Molteplici
sono i riferimenti di
David Bowes (Boston, 1957; vive a Torino e
Newton, Massachusetts), dall’esuberanza dei muralisti messicani al naïf
più genuino. Un disegno semplice, e una tavolozza vivace. Campiture piene, e torniture
prevalentemente affidate più a volumi smussati che a modulazioni tonali.
Prevale
in questa personale un’atmosfera cortese, gentile, che pare retrocedere ai
cicli “profani” tardogotici e rinascimentali, con quadri brulicanti di lieti e
operosi personaggi, vivaci come miniature, con un
quid aggiuntivo di Estremo Oriente.
Del resto, un’aria da Medioevo edenico si respira pure lasciando vagare
l’occhio di castello in castello, o immergendolo tra le chiare, fresche, dolci
acque aureolate d’alberi, cornice di tanta sensuale epica cavalleresca (e
l’opera in questione risalta per difformità stilistica rispetto alle altre).
Altra
dominante è una grazie arcadica e leziosa, che saccheggia la vetrinetta dei
ninnoli alla ricerca di damine e cavalieri in porcellana, vasi e scarpine
à
la vogue settecentesca,
maschere e
chinoiserie, in una specie di spensierato
Viaggio in Italia da uno stereotipo all’altro, e
non certo da turista per caso.
Perché
i legami tra Bowes e il nostro Paese vanno ben oltre i Pulcinella e gli
Arlecchini al lume della luna, i Pupi siciliani sullo sfondo dei Quattro Canti
a Palermo o il
Nudo di
Modigliani:
habitué da oltre vent’anni, l’americano ha in curriculum soggiorni a Napoli –
alla “corte” di Lucio Amelio -, Roma, Firenze, Palermo e Torino.

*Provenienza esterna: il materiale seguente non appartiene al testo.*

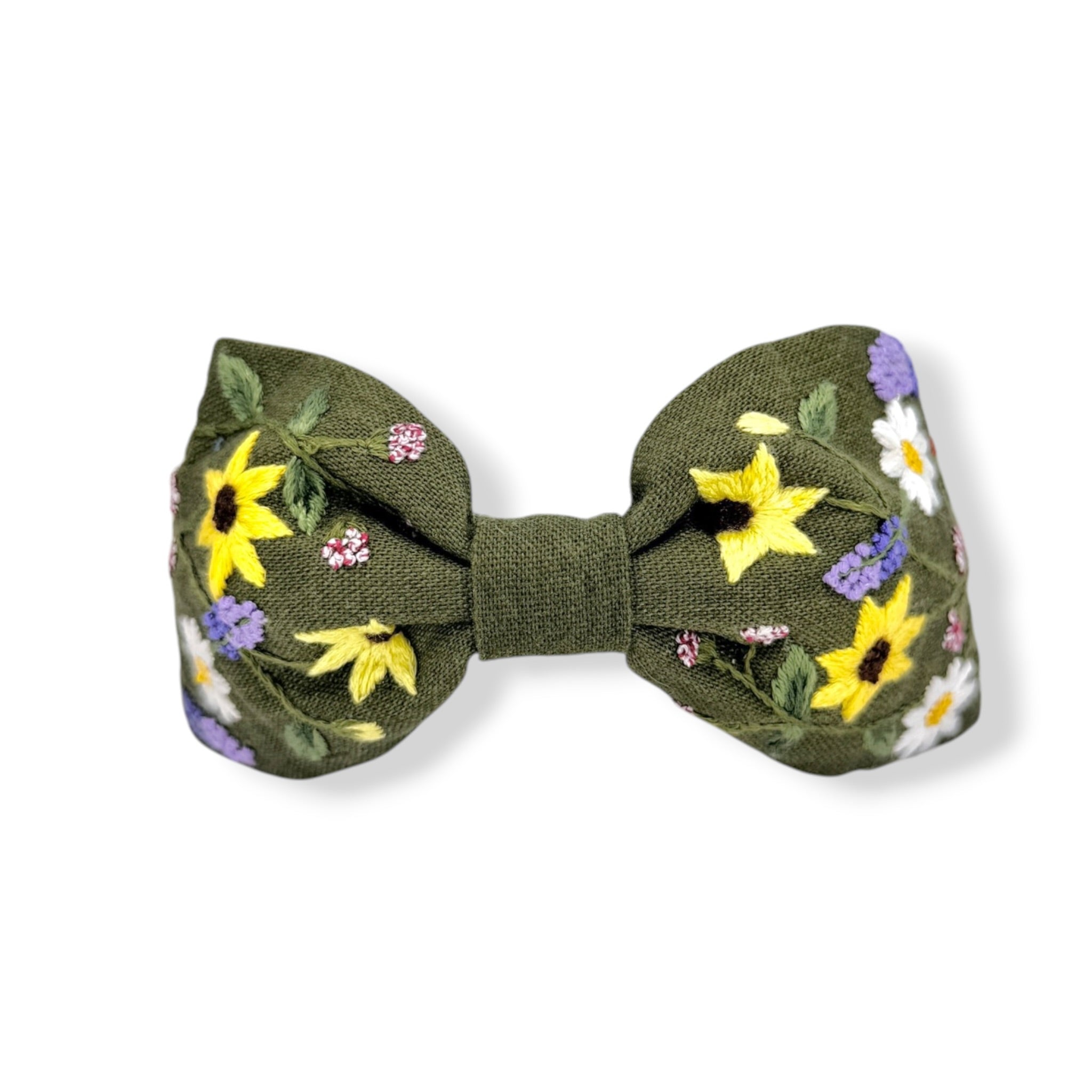 Olive Green Daisy Embroidered Headband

E decisamente
metafisico è proprio l’omaggio alla capitale sabauda, con uno scorcio di piazza
Vittorio Veneto dominato da un’enorme
Alba, così come resta in odor di
de Chirico la poderosa sospensione di
architetture desolate. Forte di un consumato mestiere, e coerente con la scelta
figurativa compiuta fin dagli anni ‘80, l’artista si misura pure col genere
“più genere” tra tutti: la natura morta.
Peso
ma non zavorra, la tradizione aiuta il pittore a costruire un mondo fiabesco ma
non necessariamente irreale, sul quale incombe una contemporaneità
emblematicamente “sintetizzata” in grattacieli e palazzi alquanto anonimi. Ma
la civiltà, bontà sua, resta in secondo piano, “neutralizzata” cromaticamente,
mentre il
locus amoenus si cristallizza come proscenio, senza spezzare l’idillio bucolico di
donzelle più o meno esotiche adagiate sul prato.